Many people are calling for clearer unification of technology and ethics. The Future of Life Institute is a formidable group of thinkers producing valuable information on this (and other) topics. When it comes to the data sets that machine-learning algorithms are trained on, we must start redefining what our collective morals are. Adding more people to the conversation, from a variety of demographic backgrounds and academic disciplines (yes, the humanities and social science are still valuable), will be crucial to getting the answers to these questions right.

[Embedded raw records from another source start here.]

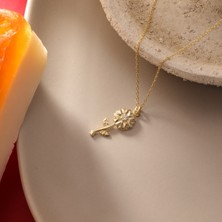 925 Ayar Gümüş Papatya Çiçeği Nisan Ayı Doğum Taşı Kolyesi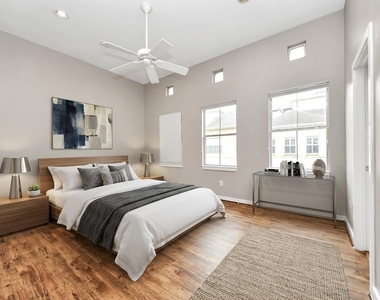 1112 Columbus Street - Photo Thumbnail 21
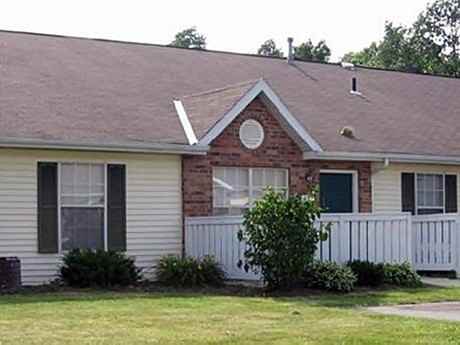 Elmwood Villas - Photo 2 of 6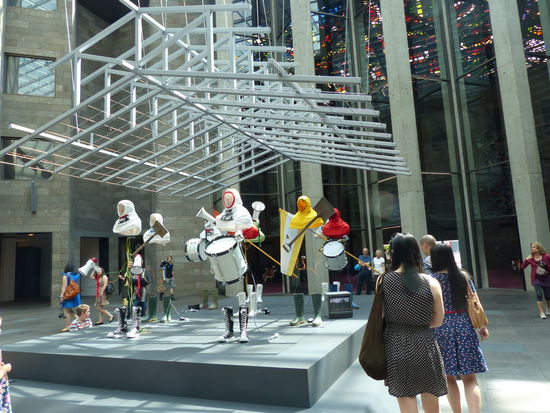 im national gallery of victoria, freier eintritt und man kann einige ausstellungen besuchen, eine sehr kulturelle stadt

Likewise, the AI Now Report, which examines the social and economic implications of AI technology in the near future, is available online for free. (AI Now hosts a public symposium that can be live-streamed.) The report highlights much of what is covered in the mainstream media: job loss, uneven distribution of benefits, potentially biased data sets. But it also focuses on related and equally pressing issues, such as who will define more abstract concepts like “care” and how will people adjust to the new lifestyles brought on by advances in AI?
Over the coming decade we will be debating what is the best way to implement the necessary social reforms, and who will pay for them. In Canada, it is clear that the current government is interested in participating, but precisely how remains unclear. Canada already offers a comparatively broad safety net, including federal and provincial support for families, a financially accessible university education, and national health care. In May, Navdeep Bains, our minister of innovation, science, and economic development, announced a $950 million fund for an “Innovation Supercluster Initiative,” with $125 million allocated to a national AI strategy.
While speaking on a recent panel on AI and ethics in Montreal, Yoshua Bengio suggested that one benefit from having innovation start-ups remain in Canada (he was speaking specifically about Montreal) is tax revenue. Our government must structure a war chest for people who will need support—in particular, those who may soon lose their jobs to the AI workplace.
Indifference toward the impending impacts AI will have on society is an urgent concern. For those in the public sector, specialist private institutions, and the media, it is increasingly important to find ways and means of preparing society for the inevitable and likely sudden changes that AI will produce. (We should also be explaining the positive dimensions of this transformational period, to motivate participation from the general public).
The questions are only going to get harder: Universal Basic Income? Free university for those who require new skill sets? Should tech giants be taxed to support unemployed workers directly? Should robots be taxed? Although the full ramifications of AI are not yet clear, more can and should be done to stimulate the public’s general interest, to encourage people to participate in the evolving discussion about AI. Then the policymakers will have no choice but to listen.
Katharine Dempsey is an editor and writer in Montreal, Quebec, who explores the intersection of society and advances in technology.